Without the intense fire of God burning in enthusiastic hearts, the moral, the spiritual world, yes, the whole world of man, would sink into a universe of death!

I. Think what enthusiasm has done even in spheres not immediately religious.—The enthusiasm of the student, of the artist, of the discoverer, of the man of science—what else could have inspired their infinite patience, their unlimited self-sacrifice?

II. Again, there is the enthusiasm of the reformer.—Think how low the nations might have sunk if their decadence had not been again and again arrested, and their criminalities again and again rebuked!

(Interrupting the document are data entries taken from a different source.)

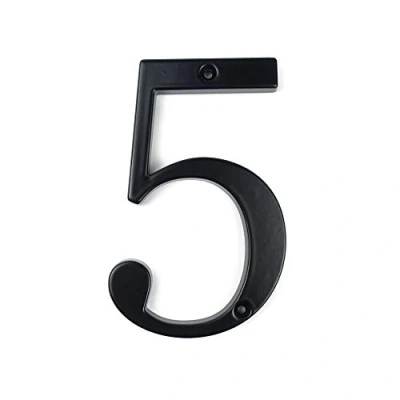 Imagen de HASWARE Letrero con número de casa, 4 pulgadas (10 cm), números puerta modernos, placa señalización, dirección aleación zinc (5, Negro)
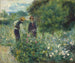 Bloemen plukken - Pierre-Auguste Renoir — weergave van het kunstwerk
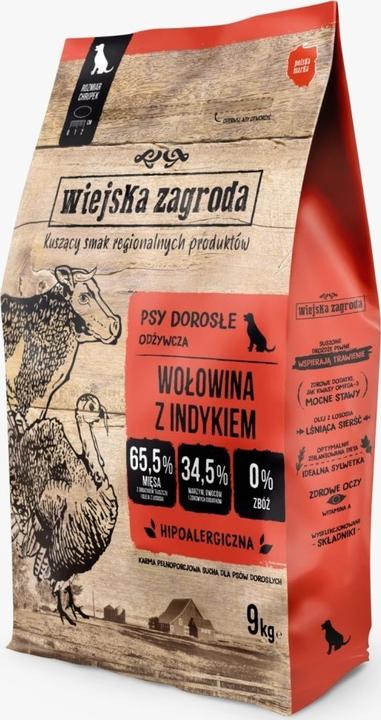 Wiejska Zagroda Karma sucha dla psa Wołowina z indykiem (dorosły) chrupki S 9kg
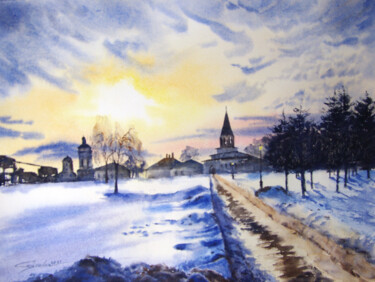 Peinture intitulée "Winter landscape" par Elena Gaivoronskaia, Œuvre d'art originale, Aquarelle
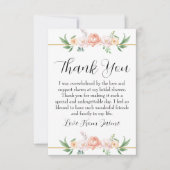 ブッシュピンクの花のウェディングシャワーの感謝カード サンキューカード (正面)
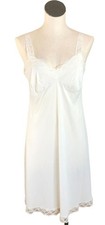 Vintage Full Slip White Lace Womens Medium Nylon Lingerie Bust 32" Made USA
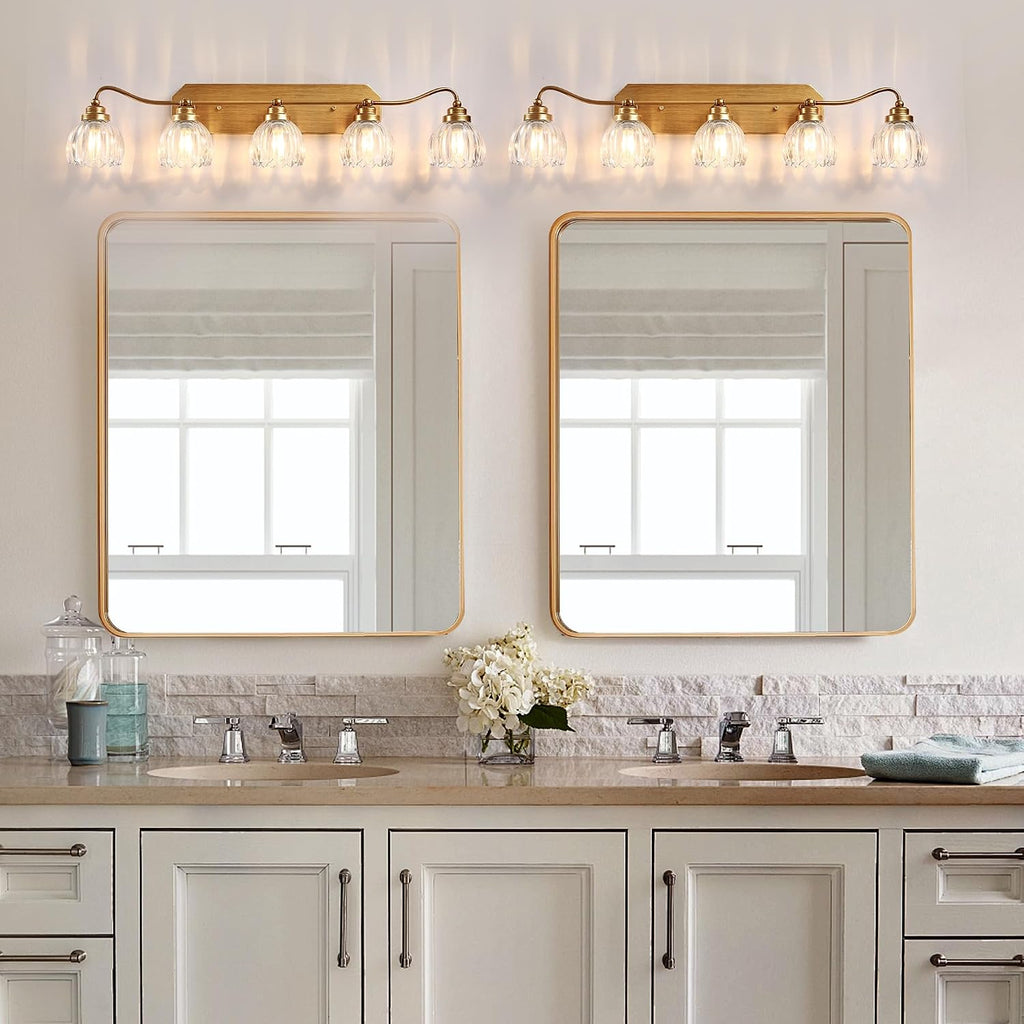 Vintage Bathroom Light Fixtures, 5 Light Gold Bathroom Vanity Light, Matte Antique Brass Finish with Crystal Glass Shade, Wall Sconces Lighting for Bedroom, Living Room, Hallway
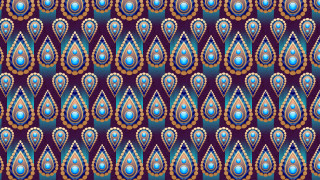 Blue gold pattern silk screen - qajar art free wallpaper for desktop
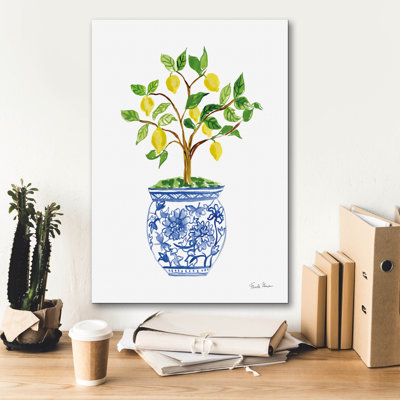  'Lemon Chinoiserie 1 V2' by Farida Zaman Canvas Wall Art, 18" x 26"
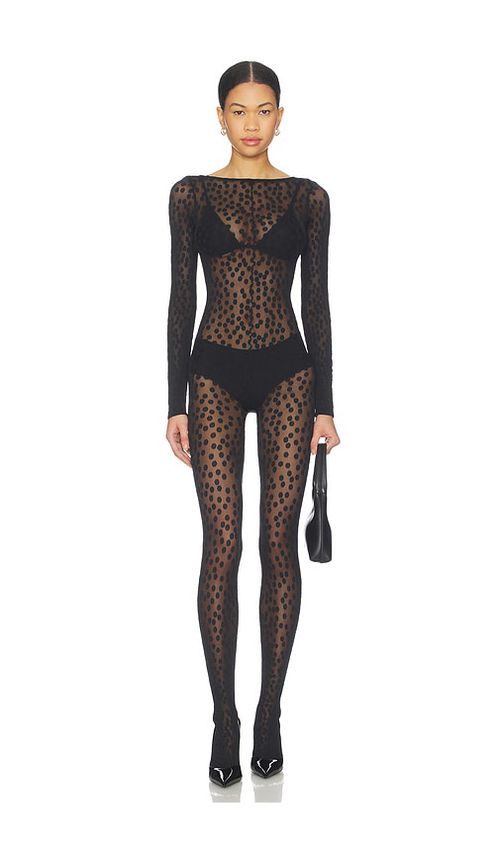 Wolford Sweet Dots Catsuit in Black. - L also in M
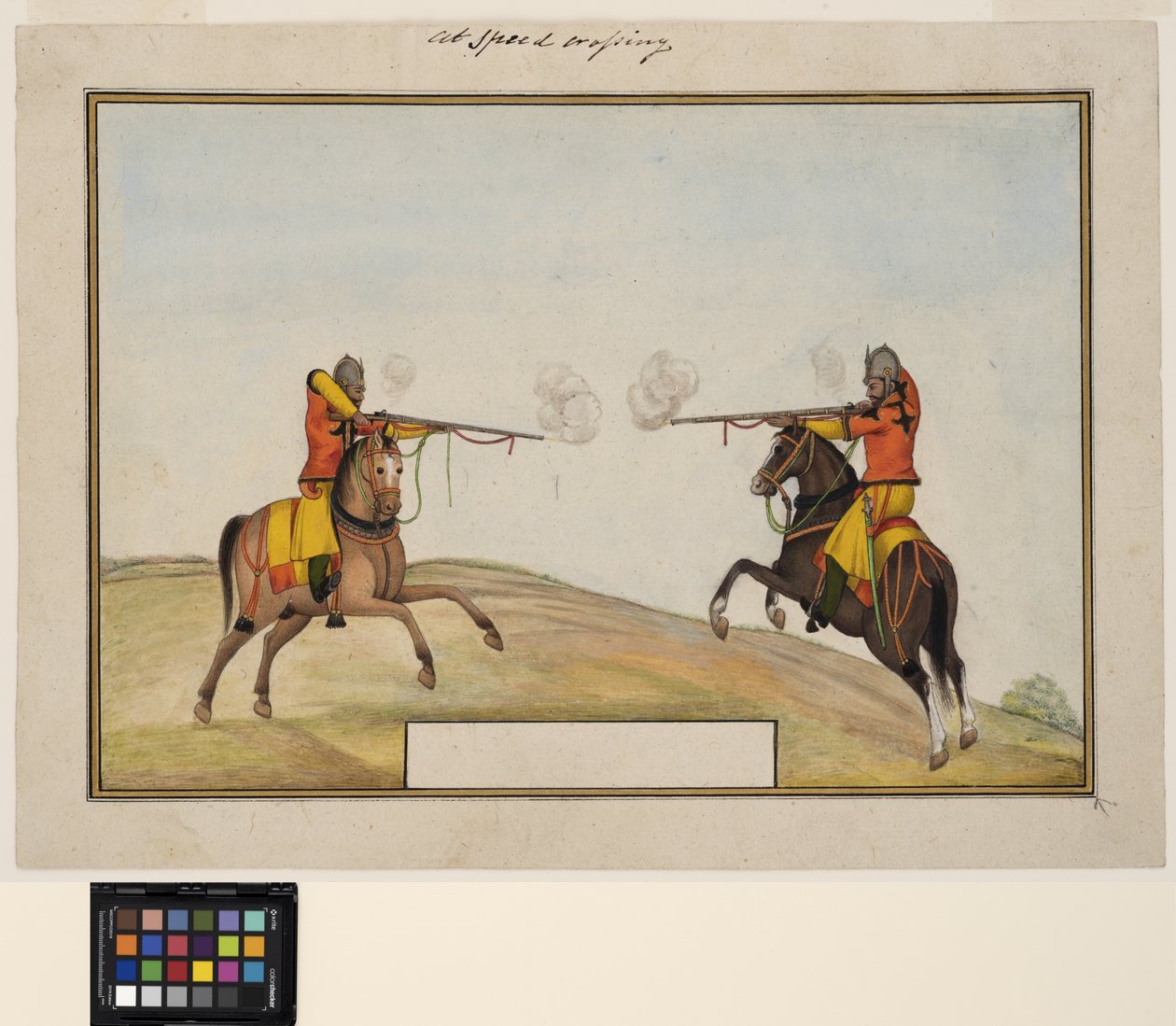 Tüfek ateşi alışverişinde bulunan iki atlı asker, c.1830 (kağıt üzerinde opak suluboya ve altın rengi) by Indian School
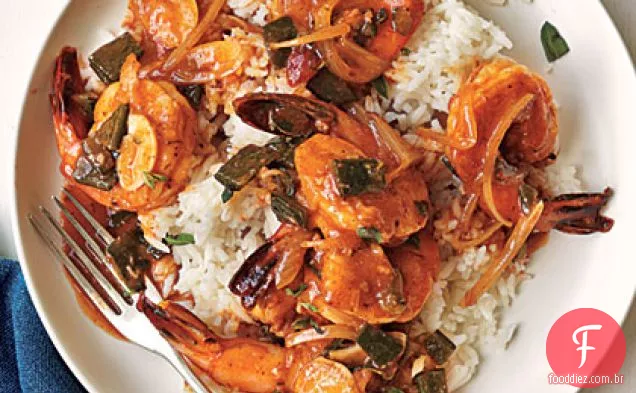 Camarão salteado com xerez e Chiles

III. Again, there is the enthusiasm of the missionary.—In the first centuries the world was full of missionaries. In those days every Christian felt that he was not a Christian if he were not in some form or other God’s missionary. And for centuries the Church produced many a noble missionary: men like Ulfilas, men like Boniface, men like Columba. Then began the ages of neglect and darkness and superstition, and for whole centuries there was only found here and there a man like St. Louis of France, or St. Francis of Assisi, with a mission spirit strong within him. In modern days it is to Count Zinzendorf and the Moravians, to William Carey and the Baptists, that we owe the revival of missionary zeal.

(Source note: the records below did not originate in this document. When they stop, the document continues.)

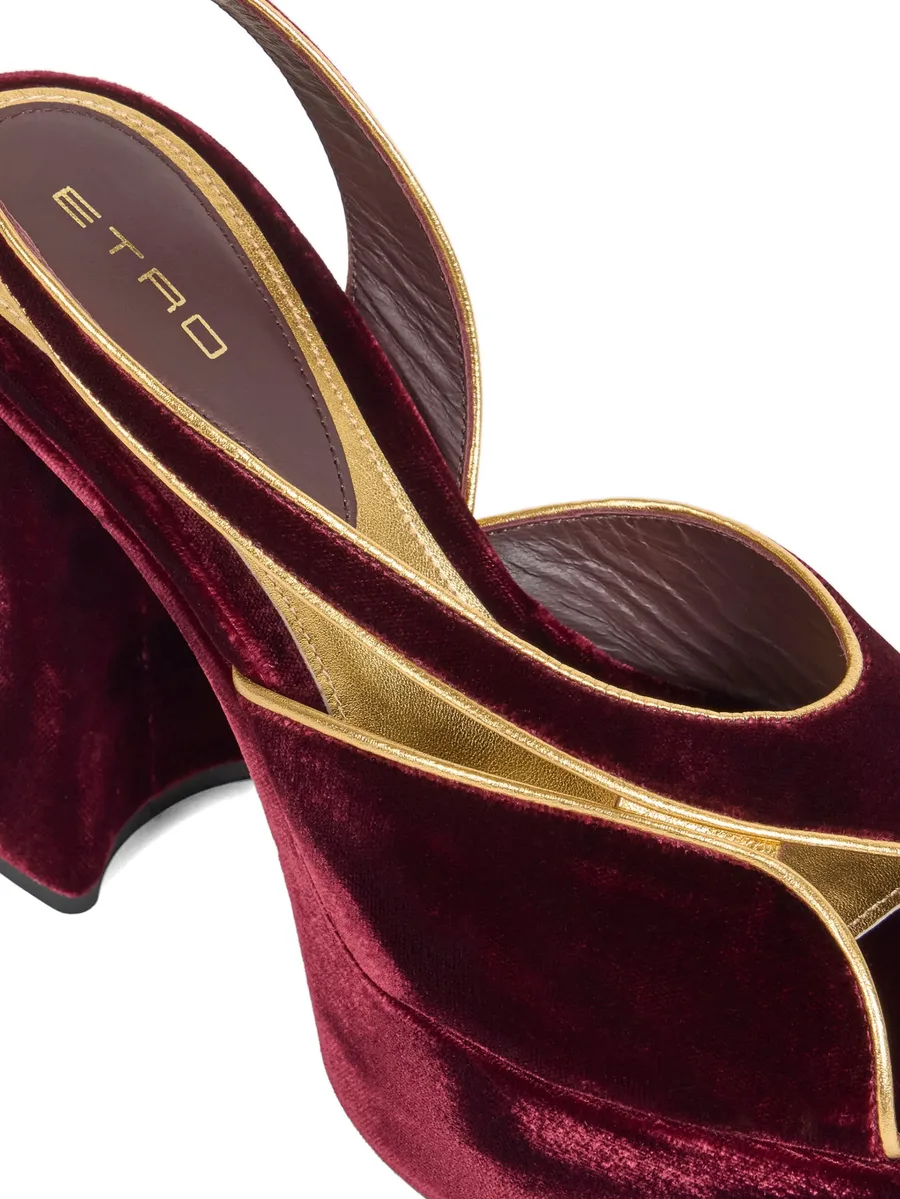 velvet metallic-trim platform sandals 7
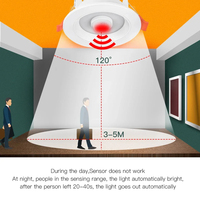 Spot LED encastré avec détecteur de mouvement PIR 5W 10W 15W 20W, éclairage LED intelligent pour la maison, AC85-265V, spot encastré au plafond pour salon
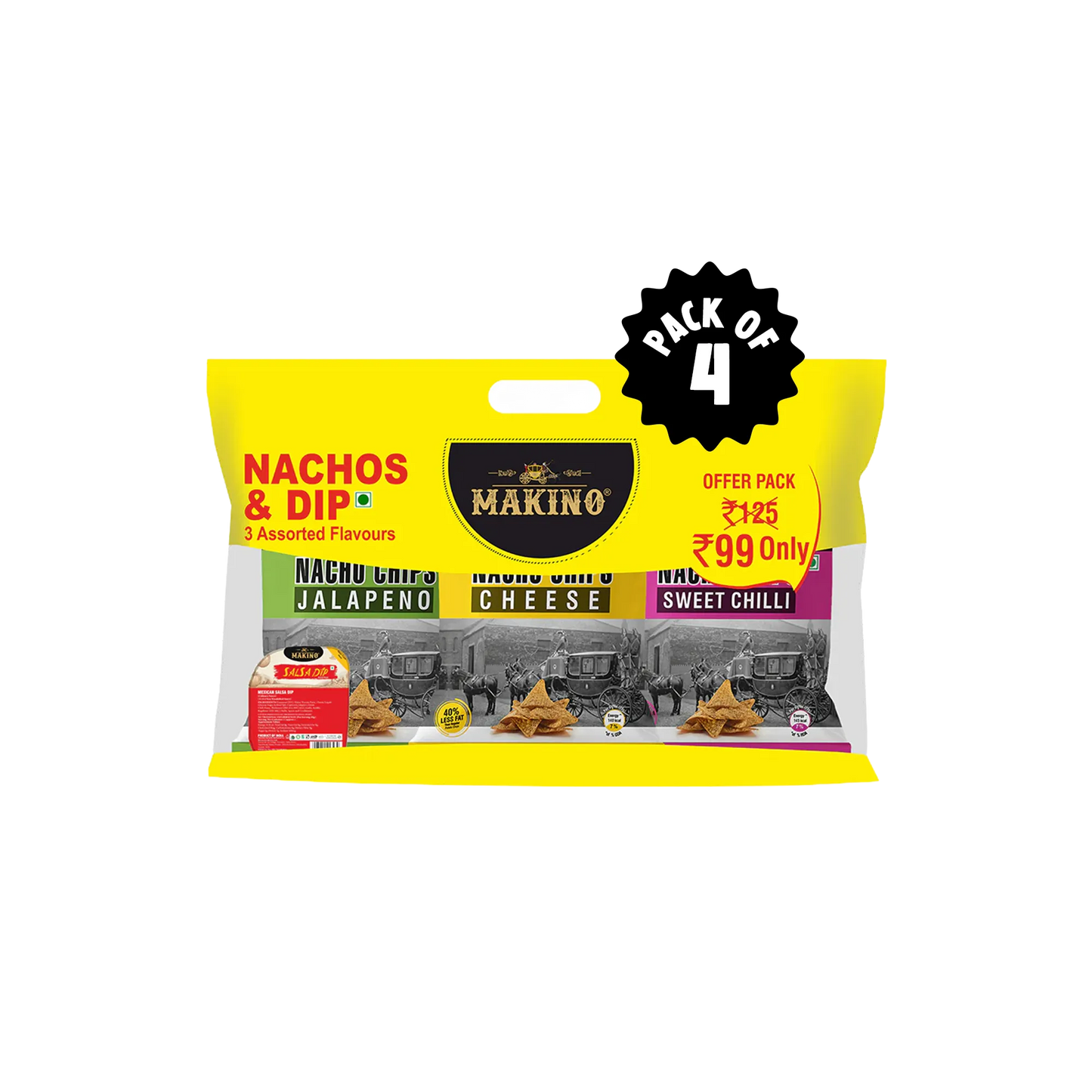 Makino Discounted Combo Bag with 3 Assorted Nachos & 1 Salsa Dip (Each 220 gm) (4 bags x 220 gm)| Total 880g|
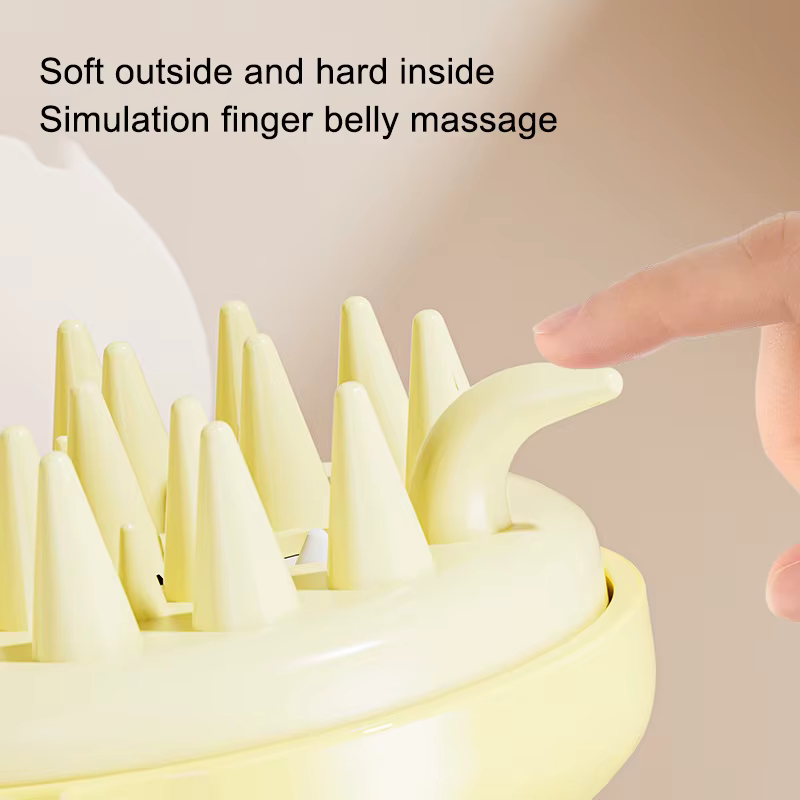 Shampoing en Silicone, masseur de cheveux du cuir chevelu avec distributeur de savon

IV. Then, once more, think of the glowing and beautiful enthusiasm of our social philanthropists.—What man has done more for a multitude of souls than John Pounds, the poor Portsmouth cobbler, who, in the simple enthusiasm of ignorant love for the poor ragged children of the streets, became the ultimate founder of Ragged Schools! What a light from heaven was shed upon countless wanderers by the Gloucestershire printer, Robert Raikes, who saw the children wasting their Sundays idly in the streets. Go to the Embankment and see his statue there, and read the inscription: ‘As I asked, “Can nothing be done?” a voice answered, “Try”; I did try, and lo! what God hath wrought.’

Dean Farrar.

Illustration

‘Like the words “Utopian,” “Quixotic,” “impractical,” “enthusiasm” is one of the mud-banks reared by the world to oppose the swelling tide of moral convictions. The famous saying of Prince Talleyrand, “Surtout, point de zèle”—“Above all, no zeal”—concentrates the expression of the dislike felt by cold, calculating, selfish natures for those who are swept away by the force of mighty and ennobling aspirations. Throughout the eighteenth century—by way of protest first against the sobriety of the Puritans, and afterwards against the waking up of deep religious emotions by Wesley and Whitfield—the sermons of all comfortable, full-fed, wealthy conventionalists were filled with deprecations of enthusiasm. Men did not like the glow of reality, the blaze of deep feeling, the rushing winds of prophecy, harbingers of the dawn bursting over cold, grey lives. What they wished for was the calculating religion of compromise; or an orthodoxy which slumbers because it will not inquire; of a conventionality which never broke their leagues with death or their convenants with hell. They dreaded the throb of a startled conscience, the agony of a revealing light.’